No one wants to deal with a pesky bot that won’t shut up

2 min read
Facebook Revises Bot Platform to Place Messenger Users Firmly in Control
Image: Facebook

Facebook’s big announcement at the annual F8 developer conference in April was its unveiling of a bot platform that developers could use to build digital assistants that operate within Messenger. The move was meant to expand the functionality of the messaging service, now used by nearly a billion people worldwide, so that it can also deliver customized news and facilitate e-commerce.

Immediate reactions were mixed, and the announcement spurred a lot of discussion about whether users would embrace this newest experiment from one of the world’s largest tech companies. Commenters also mused about  how Messenger bots might evolve to play a role in our daily lives. That could depend as much on Facebook’s ability to seamlessly integrate new notifications and chats into the user expereince as on the ability of developers to devise clever functions forall those digital bots.

To keep the bot platform under wraps, Facebook did not conduct any external tests before its release. Now, soon after launch, user and developer feedback is quickly reshaping its future. On Tuesday, at 2016 TechCrunch Disrupt in Brooklyn, N.Y., Stan Chudnovsky, head of product for Messenger, said his team is already making some early revisions to its new bot world.

In one update, Facebook addressed concerns over bot-generated spam. The company knows that if busy bots send too many notifications to users or don’t deliver useful content, their behavior could erode the messaging service’s current status as a highly valued link between friends.

To prevent this, Chudnovsky says Facebook swapped the original “Block” button that appears in the upper right hand corner of each new bot chat to a “Manage” option that permits users to choose the type of messages they wish to receive. “Giving people more control seems to be what people want to have,” he said.

Facebook is also looking at ways to differentiate between messages that are immediately important to users (perhaps those sent by a friend or which include breaking news) and those that can be read later (the pesky bot variety). In practice, this could mean that the company designates a different ringtone or vibration pattern when users receive an urgent message, or that it simply filters certain messages from the instant stream and issues them in a group alert a few times throughout the day.

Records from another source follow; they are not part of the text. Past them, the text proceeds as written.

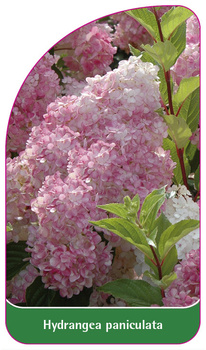 Hydrangea paniculata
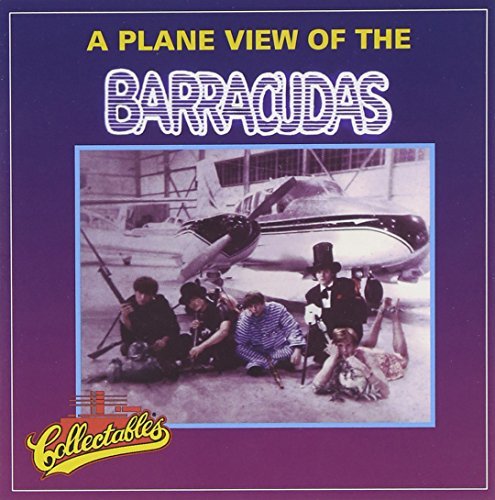 Barracudas/Plane View Of The Barracudas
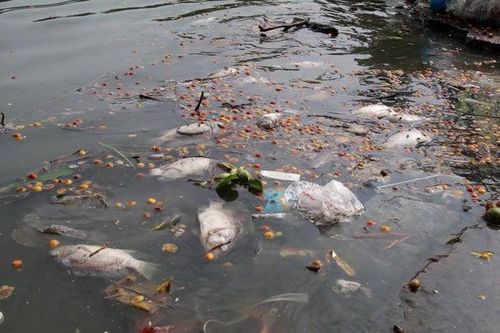 Hà Nội đầu tư gần 100 tỷ đồng làm sạch Hồ Tây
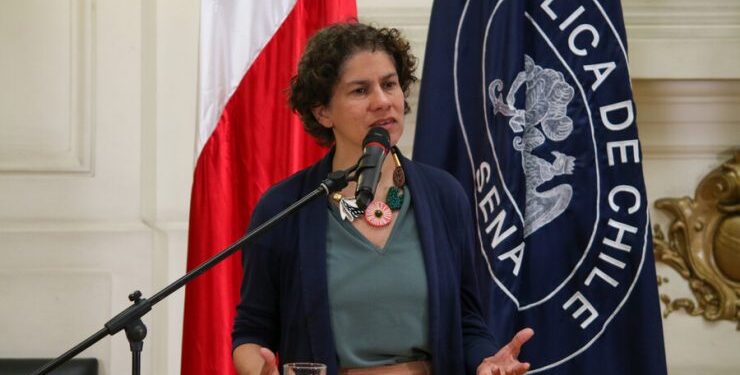 Ministra Rojas descarta anuncio de cambio al impuesto específico a combustibles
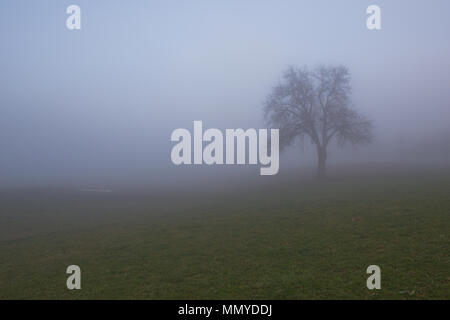 Einsam, leaveless pear-Baum stehend an einem nebligen, gefrorene Wiese im späten November schweren Nebel Stockfoto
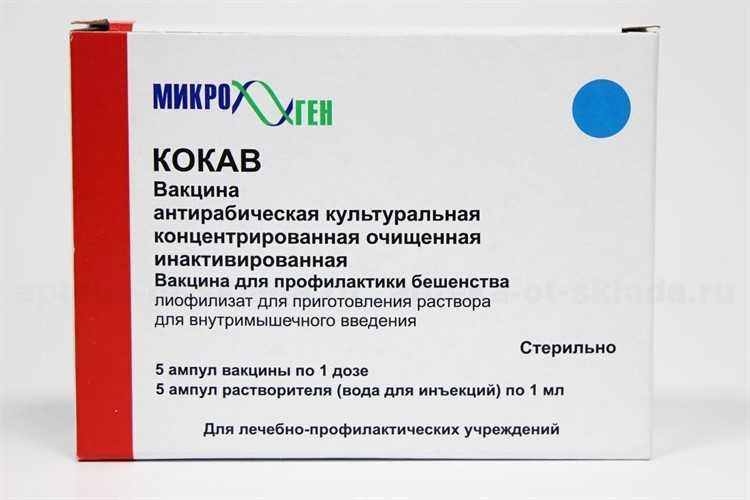 Схема прививок от бешенства для человека: как проводят вакцинацию в профилактических целях и в случае укуса животного  Схема прививок от бешенства для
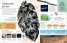 Eyewitness Encyclopedia of Everything: The Ultimate Guide to the World Around You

Overall, Chudnovsky is pleased with the launch and said more than 10,000 developers have begun building bots. He points out that more than 2,500 merchants on Shopify, the company’s virtual marketplace, offer bot-based customer service. “You have a bunch of early signs that the platform is starting to work,” he says.

Of course, it’s not yet clear to users or the company which bots will become most integral to users’ lives. Chudnovsky compares that uncertainty to the early days of Apple’s App Store, when many of today’s most successful apps weren’t yet obvious or even imagined.